OWATONNA — “They just kept bringing food, and bringing food,” said Nancy Ness, executive director of the Owatonna-based Steele County Food Shelf. “All of them made several trips because we had so much food donated.”
Ness said the amount of items brought in by both the Blooming Prairie and Owatonna schools for November’s Sack Hunger Food Drive far exceeded her expectations. With their respective football teams both making it into the state tournament — and the Blossoms going on to win the Class 1A championship – the two high schools were invited to participate in the accompanying fundraiser, organized by the Minnesota State High School League and Second Harvest Heartland.
Elementary schools, middle schools and businesses in both communities soon got in on the action, with the two districts ultimately bringing in over 5,000 pounds of food combined during the drive. Blooming Prairie weighed in at 2,171 and Owatonna came up with 3,108 pounds after the almost month-long fundraiser.
According to John Millea, media specialist with the Minnesota State High School League, the Steele County districts are two of the three statewide who have told the league they participated in Sack Hunger and have shared their totals after wrapping things up Nov. 26. Other schools have until the end of the week to get their numbers in, and Millea estimated that the winner would be announced on Friday.
More for the holidays
Student council members at Owatonna High School kicked off their Sack Hunger campaign at a Nov. 7 pep rally, where teens and staff who already knew about the drive came forward from the bleachers with nonperishable items. All donations helped fill a makeshift end zone at one side of the gym. Owatonna Middle School — as well as Lincoln, Washington, and McKinley elementary schools — soon jumped in and set up collection sites of their own.

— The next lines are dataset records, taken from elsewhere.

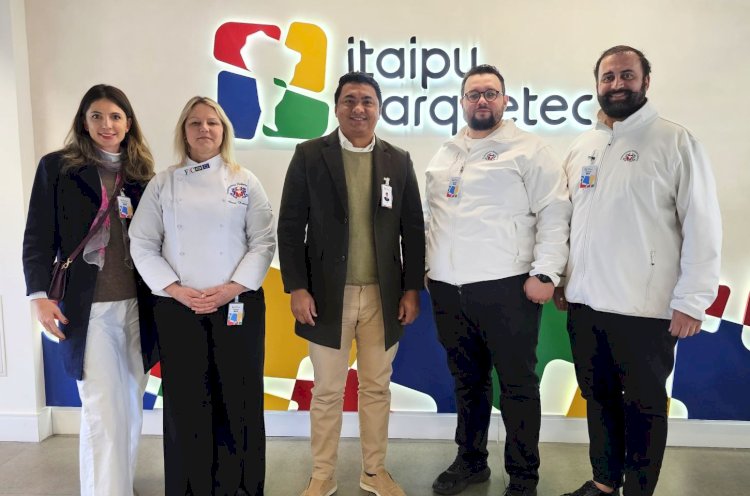 Destino Iguaçu recebe comitiva da FIC Brasile a fim de fortalecer o turismo cultural e gastronômico na cidade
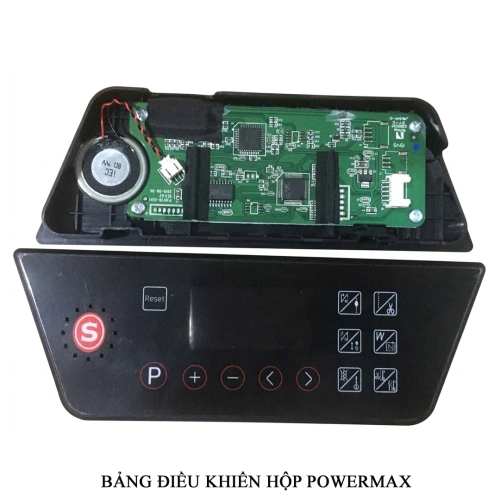 Bảng điều khiển hộp Powermax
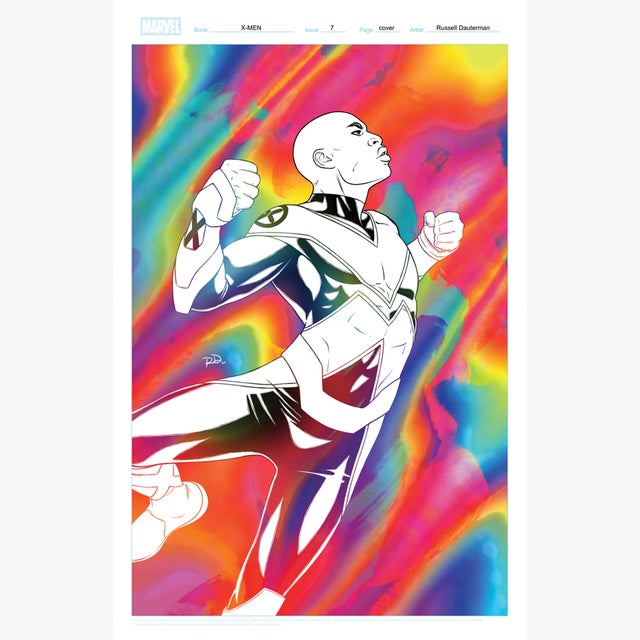 X-MEN TRADING CARD COVERS | RUSSELL DAUTERMAN | store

Sandra Justice, student council adviser at the high school, said Lincoln ended up bringing in the most food by weight of all participants in the district. Complete Health with Destinee, a health and fitness coaching service in Owatonna, also worked with the schools to collect food for the drive.
“I was blown away,” Justice said, of the amount donated. “You kind of collect in trickles, and so to have that final total was really surprising and kind of overwhelming.”
Ness also called it overwhelming, and praised the variety that food drives can bring in — diversity that she said the food shelf can’t always necessarily get when ordering through its typical channels. Although the number of people using the Steele County Food Shelf doesn’t necessarily change during the holidays, Ness said the volume of food needed often increases, making it a busier time of year for the nonprofit.
“Oftentimes, it’s because they’re having company for the holidays and they need extra food on hand for folks that are staying with them,” she explained. “They’re cooking more and trying to celebrate the holidays in the way that we all love to do.”
Students take charge
While Owatonna tried to start up Sack Hunger last year — the first year that the initiative took place — it didn’t really get off the ground until this time around according to Camryn Bartz, the high school’s student council president. Blooming Prairie also didn’t get the program running until this fall, merging it with a preexisting November food drive by the Family, Career and Community Leaders of America student group. FCCLA took the reins on Sack Hunger, expanding their previous drive out to both the elementary school and greater community with help from the high school football team.
“[Students] went out, talked to community businesses and asked if we could put boxes in their shop,” explained Alison Mach, associate principal and activities director at Blooming Prairie High School. “We sent football players and FCCLA members around to businesses to collect food, sometimes daily. Then they had to weigh it, get it organized and figure out ways to transport it.”
Mach also said she was surprised by the amount the school ended up bringing in, although she added that she didn’t really know what to expect at the beginning.
“Originally, we were like, ‘Hey, let’s get 1,000 pounds.’ Then, we exceeded that and 2,000 pounds was our goal,” said Mach. “I think that the fact that it was tied with football made people more aware.”
Blooming Prairie made a run all the way through the state tournament — which lasted for much of November — ultimately winning the Class 1A division to become the first state champions in program history on Nov. 29. Off the field, the Blossoms raised almost as much food as Owatonna and combined the two districts brought in over 5,000 pounds for the food shelf.
With the holidays in full swing and a possible increase in usage due to new industry in the area, Ness said the fundraiser made a huge mark on the food shelf. In addition to donations of nonperishable items, Ness added that her team is always looking for more volunteers during the winter months.
“A lot of our volunteers are retired and tend to like to go south for the winter, so this becomes a difficult time for making sure we always have enough volunteers in here helping us,” she explained. “We have three to three-and-a-half hour shifts, and I think people would really enjoy working here. We have a lot of fun, and keep things light and happy.”
For more information, Ness encouraged residents to visit the Steele County Food Shelf or call the nonprofit at 507-455-2991.
The winner of Sack Hunger will be announced later this week. Students will then be honored with T-shirts, a plaque and a celebration at a home sports game of the school’s choosing, according to Millea.